Continuità e stabilità: queste le parole chiave che si possono estrapolare dalla lettera inviata alla Gazzetta da John Elkann, che ha voluto rispondere a parole e pensieri attribuitegli dal quotidiano nei giorni scorsi, “ma che in realtà non sono mai state pronunciate e non rispecchiano il mio pensiero”. Il Presidente ha poi voluto analizzare nel dettaglio la decisione di sostituire Maurizio Arrivabene con Mattia Binotto, ufficializzata la scorsa settimana, esprimendo ufficialmente il punto di vista suo e della Scuderia.

La nomina di Mattia Binotto a team principal della Scuderia Ferrari – si legge nella lettera – non rappresenta ‘un ribaltone’ nella gestione sportiva e non nasce da presunti dissapori interni al team: al contrario è una scelta decisa dalla società di comune accordo con Maurizio Arrivabene, che nei 4 anni di impegno in quella posizione ha lavorato instancabilmente per riportare la Scuderia ai livelli di competitività che merita”. Nessuno screzio tra i due protagonisti, quindi, ma una decisione comune tra la società e lo stesso Arrivabene, come peraltro era già emerso dal comunicato ufficiale che annunciava il cambio ai vertici della Gestione Sportiva.

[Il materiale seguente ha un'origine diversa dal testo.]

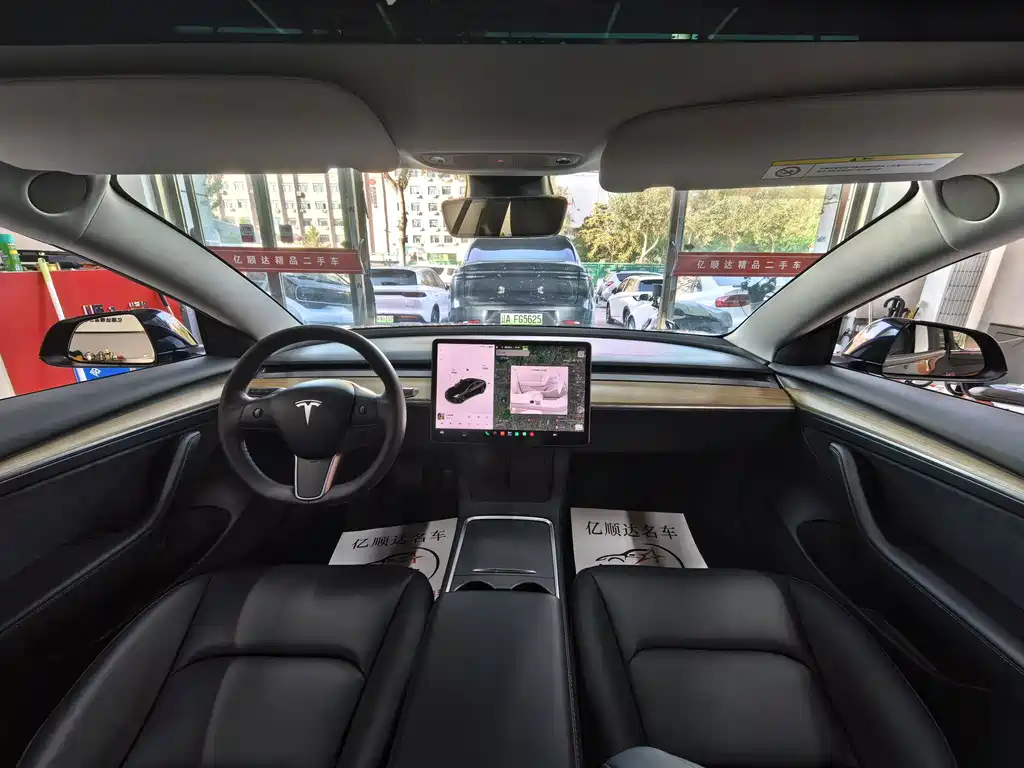 Tesla Model 3 — фото 6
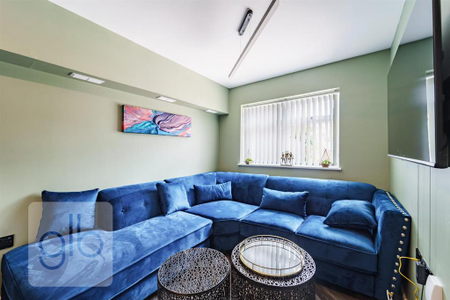 1 bedroom in a house share to rent - Photo 2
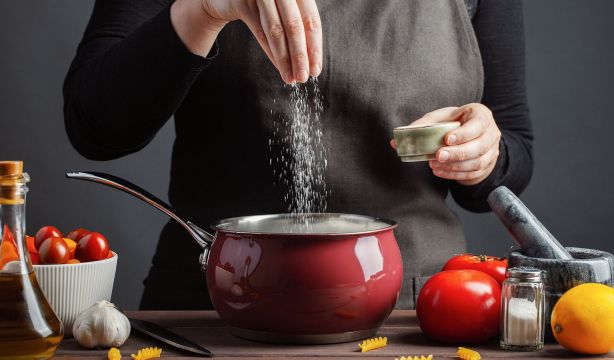 El truco de los chefs para arreglar un guiso con demasiada sal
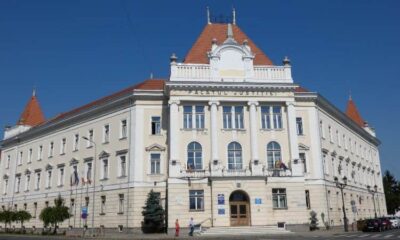 sediu prefectura consiliul judetean cj curtea de apel alba iulia palatul justitiei oct 2021.jpg
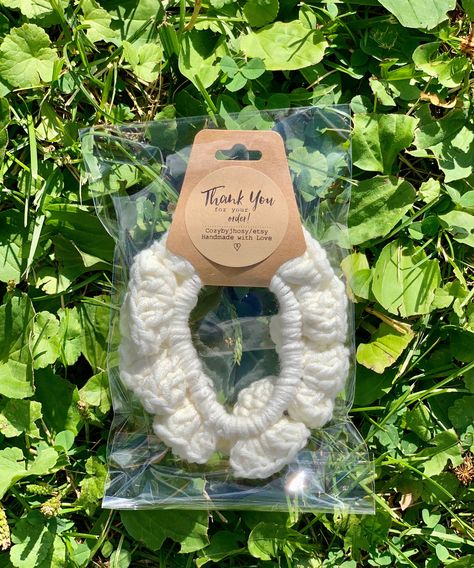 Crochet Business Packaging, Scrunchies Ideas, Crochet Scrunchies, Craft Work For Kids, Free Crochet Bag, Crochet Keychain Pattern, Crochet Bows, Crochet Turtle, Crochet Hair Accessories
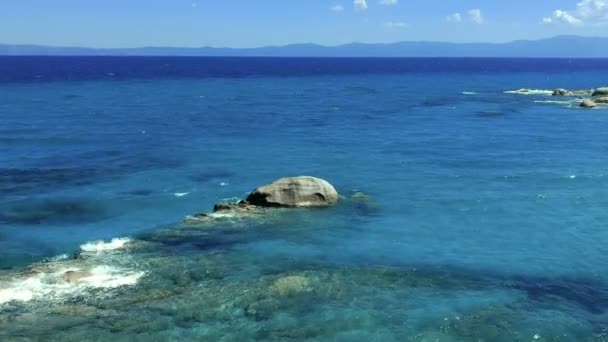 海の水面上空を飛行ドローン ブルー水海岸線の空撮 — ストック動画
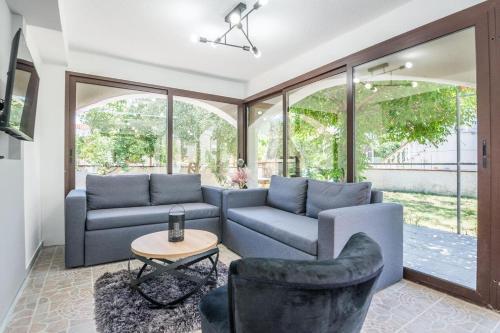 Family Friendly House With A Swimming Pool Vir - 19097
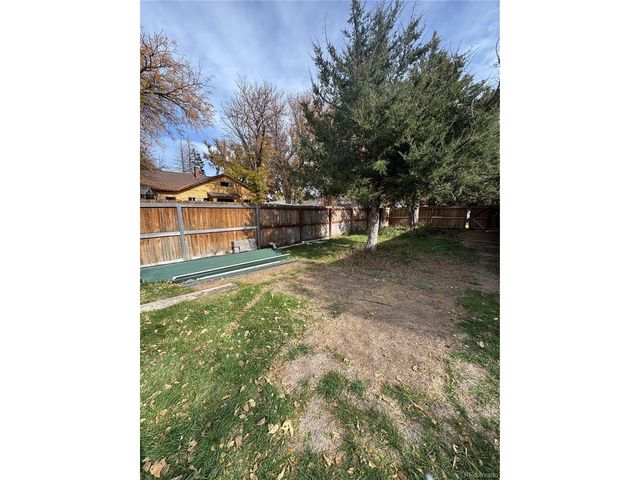 502 S Cedar St, Yuma, CO 80759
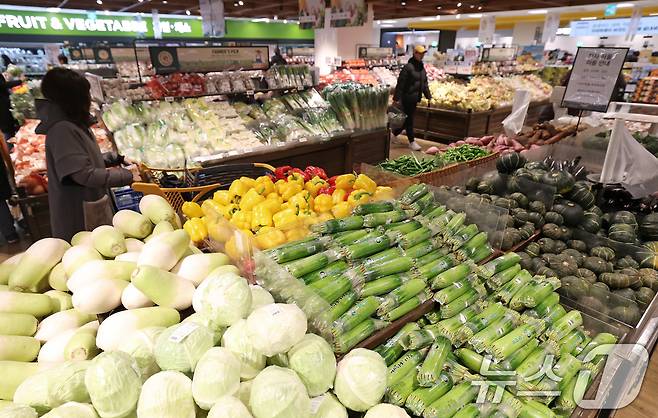 서울 용산구 이마트 용산점에서 고객들이 장을 보고 있다./뉴스1 ⓒ News1 오대일 기자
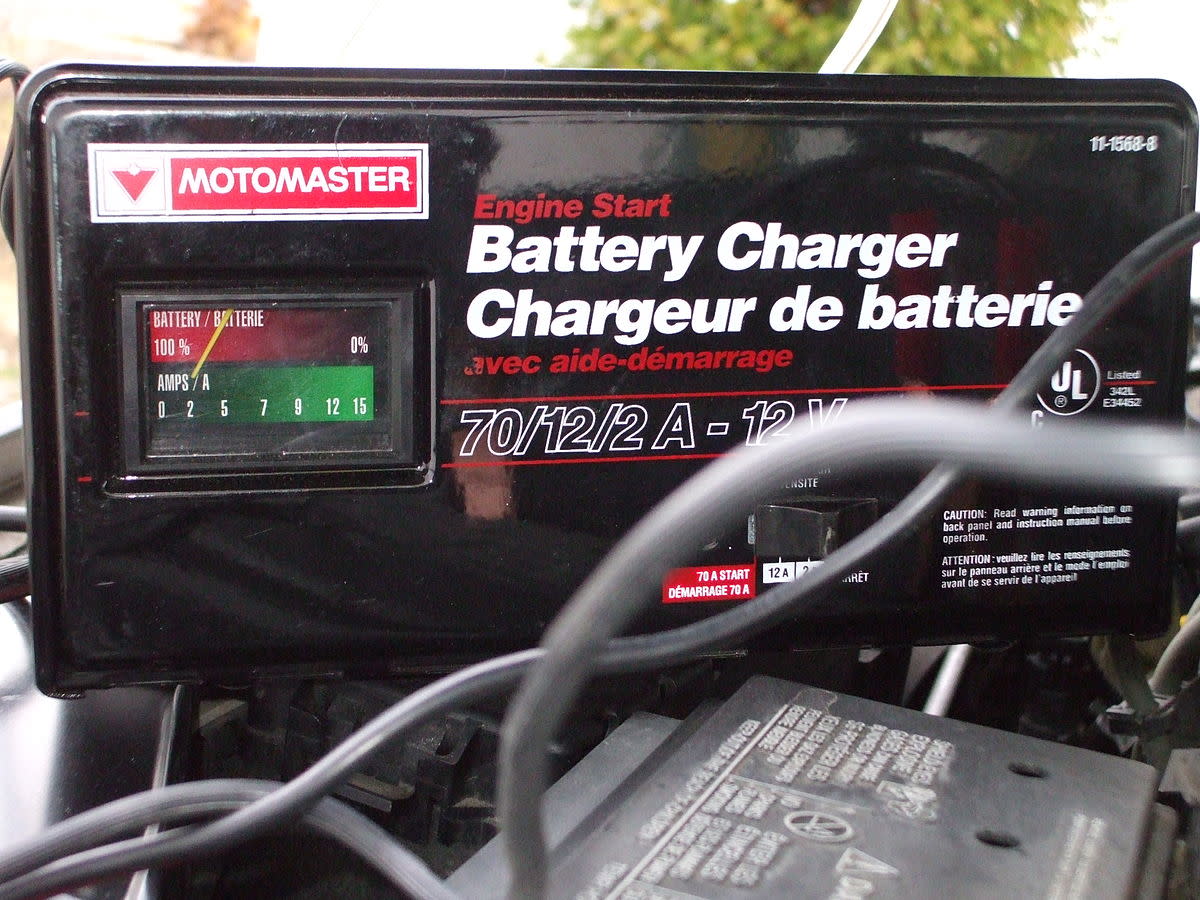 Using a Battery Maintainer or Trickle Charger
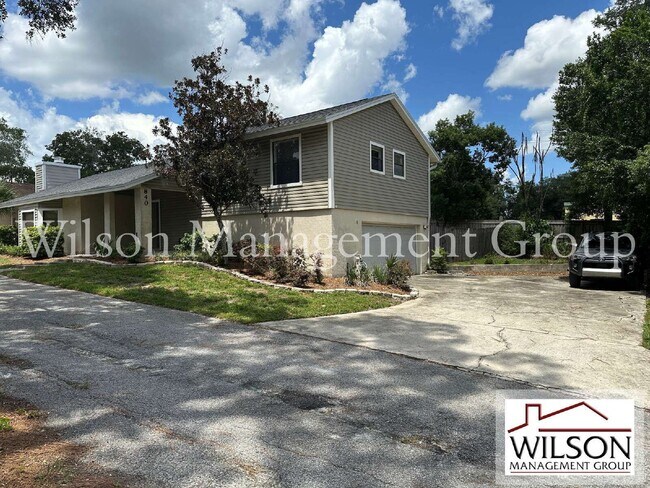 Building Photo - 840 Maraval Ct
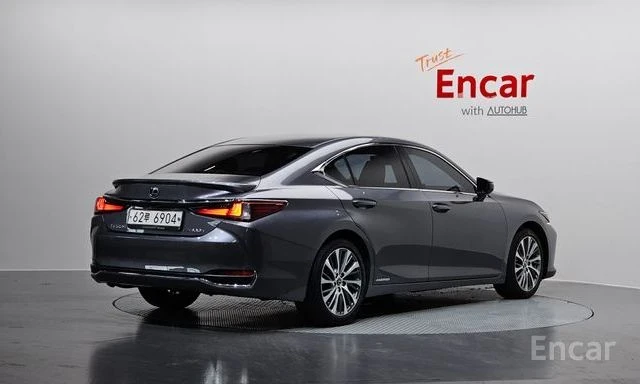 Lexus ES 300 h | ОБДУХВАНЕ | ШИБЕДАХ | ЗАДНА КАМЕРА | , снимка 2 - Автомобили и джипове - 54125175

Elkann si è poi focalizzato sul lavoro che Binotto e l’A.D. Camilleri hanno già fatto e si troveranno ad affrontare nella prossima stagione, ponendo l’accento sulla concentrazione e sulla stabilità che saranno necessarie per affrontarla con successo. “Il lavoro di Mattia, che è già iniziato in previsione della stagione che sta per aprirsi, poggia le sue basi proprio su quanto è stato fatto negli ultimi anni, in una linea di continuità che mira all’evoluzione, non certo alla ‘rottura’ rispetto al passato“, ha precisato il Presidente. “Il mio impegno per assicurare stabilità e concentrazione alla Ferrari è totale, cosi come lo è quello dell’amministratore delegato Louis Camilleri: insieme, e con il contributo di tutte le donne e gli uomini della Ferrari, raggiungeremo i traguardi che abbiamo presentato pubblicamente pochi mesi fa da Maranello. Ai nostri clienti e ai nostri tifosi in tutto il mondo garantiamo massima determinazione e responsabilità”.

Impegno e dedizione totali da parte di tutti dunque, combinati a quella continuità rispetto al lavoro svolto finora che sarà il terreno in cui affondare le radici per un 2019 vincente. Parole importanti quelle del Presidente Elkann, che hanno anche l’obiettivo di mettere a tacere certe speculazioni su tensioni all’interno del team, e vogliono focalizzare l’attenzione sulla prossima stagione, che sarà sicuramente decisiva per il team di Maranello.